8 per mille. Nel 2007 i soldi girati dallo Stato italiano alla Chiesa cattolica per l'8 per mille sono stati 991.278.000 euro. Di questi, 205 milioni di euro sono stati impegnati negli interventi caritativi: 90 milioni alle diocesi, 85 milioni al terzo Mondo e 30 milioni per esigenze di rilievo nazionale. Alle esigenze di culto e pastorale sono andati 432.570.000 euro: 160 milioni alle diocesi, 185 milioni all'edilizia di culto e tutela dei beni culturali, 39.820.000 al Fondo per la catechesi e l'educazione cristiana, 8.500.000 ai tribunali ecclesiastici regionali, infine 39.250.000 ad altre esigenze. Al sostentamento clero sono andati invece 353.708.000 euro, pari al 35,7% dei soldi stanziati.

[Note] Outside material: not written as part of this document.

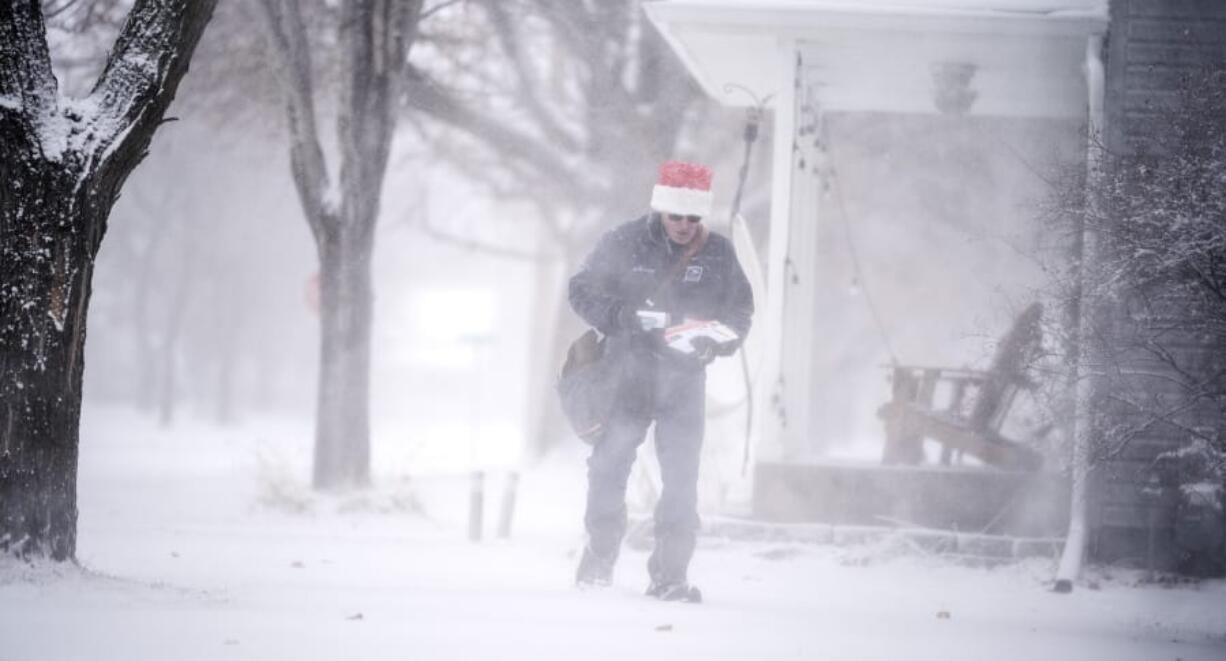 Mail carrier Dennis Niles braves the blowing snow as blizzard like conditions hit Osseo and the Twins Cites on Wednesday, Dec. 23, 2020 in Osseo, Minn.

Interventi caritativi e Ici. La Chiesa italiana ha finanziato, dal 1990 al 2004, 6.275 interventi in tutto il mondo, per un totale di 719 milioni di euro, come si evince dalla pubblicazione "Dalle parole alle opere" pubblicato due anni fa dal Comitato per gli interventi caritativi del Terzo mondo (con i fondi dell'8 per mille). In circa 400 pagine si possono trovare nomi, indirizzi, tipo d'intervento e cifre al centesimo dei soldi investiti.
Per quanto riguarda invece l'esenzione dall'Ici – che è prevista dalla legge 504 del 1992 – essa riguarda tutti gli enti non commerciali, e, in generale, tutto quello che «viene generalmente definito come il mondo del non profit».